▶ [Scraped caption text data]
────────────────────────────────────────

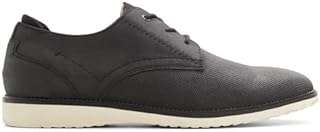 Chaussures à plateforme robinson pour hommes. Faites des économies sur tous les fronts avec DIAYTAR COTE D'IVOIRE . Parcourez notre boutique en ligne et trouvez tout ce dont vous avez besoin, des appareils électroménagers dernier cri aux vêtements à la mode, en passant par les gadgets high-tech, le tout à des prix imbattables.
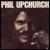 It's Almost Five - Phil Upchurch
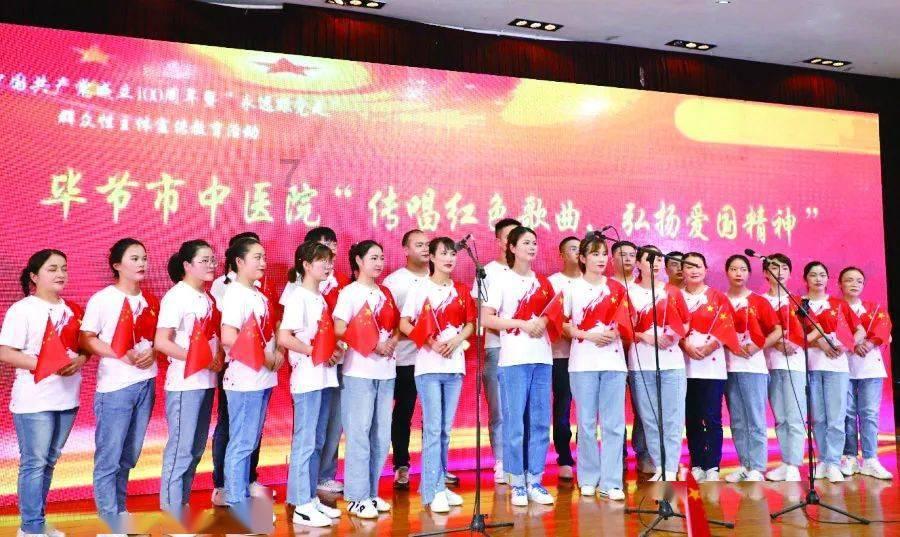 为了走体育之路，你会报考南京体育学院吗？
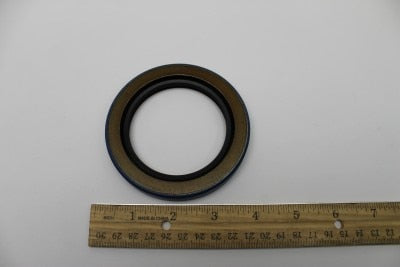 OEM Genie 98675GT product image 1
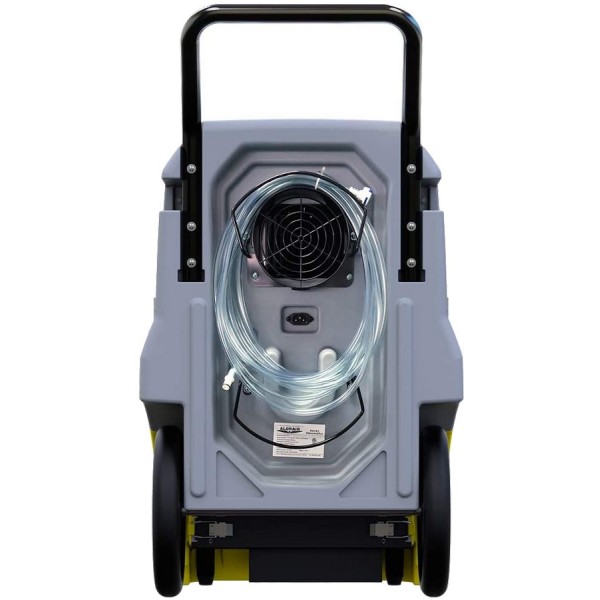 Осушувач повітря Alorair Storm Pro blue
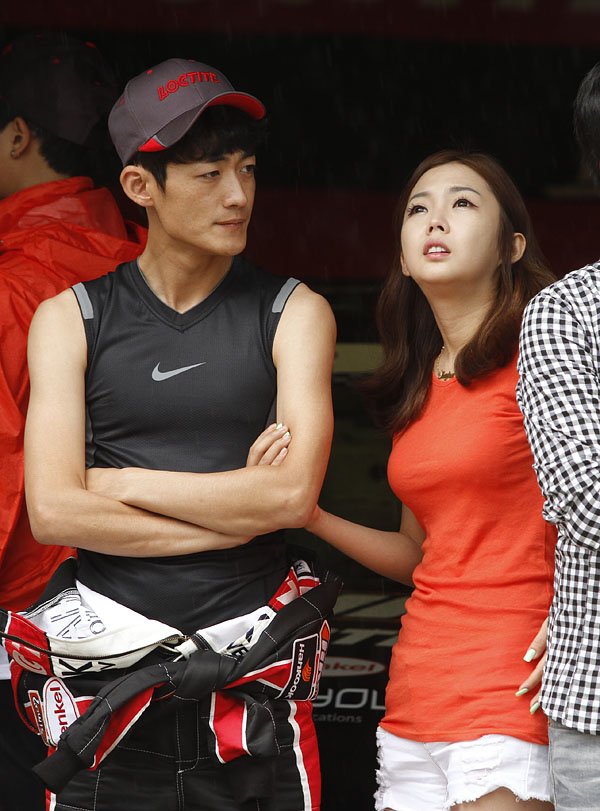 2011070400000000000024702.jpg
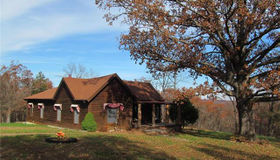 3728 Nixon School, Leasburg, MO 65535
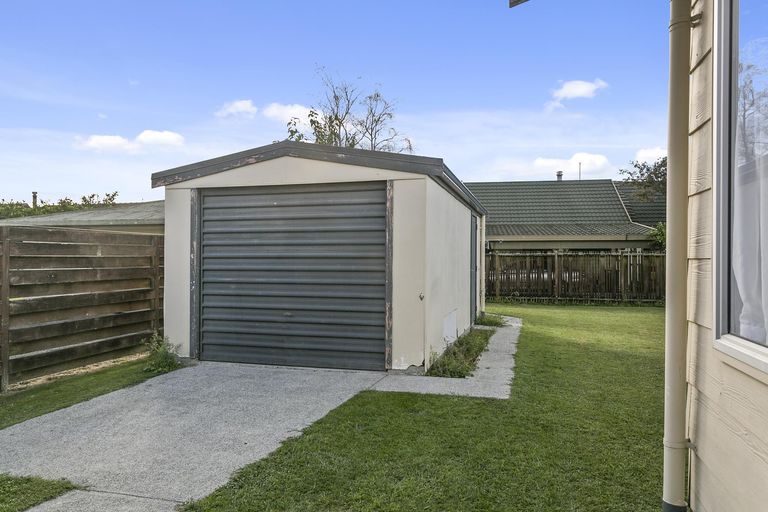 Photo of property in 62 Tawari Street, Matamata, 3400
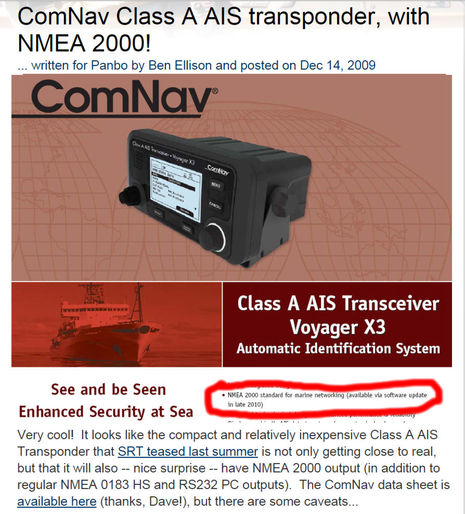 ComNav_Voyager_X3_AIS_w_NMEA_2000_NOT_cPanbo.jpg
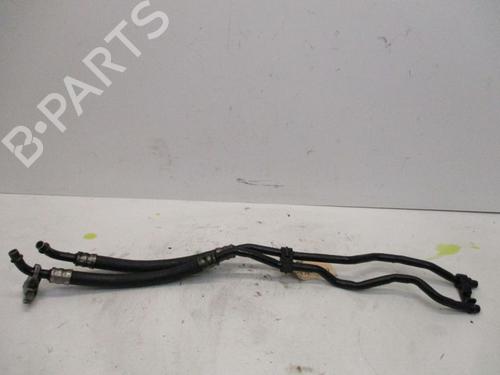 Used Pipe BMW 5 Touring (E61) 530 d (231 hp) 18800752
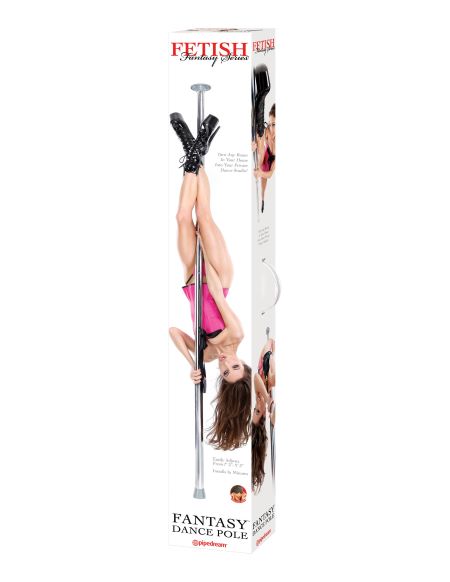 PD387900fantasydancepolesilverpkg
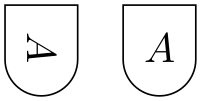 (-tikz- diagram)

────────────────────────────────────────

▶ [Exercise brief]
Repeat exactly the lines from the one containing "PD387900fantasydancepolesilverpkg" through the last line of the records above, both included, and leave out the pictures.

▶ [Task solution]
 PD387900fantasydancepolesilverpkg
 (-tikz- diagram)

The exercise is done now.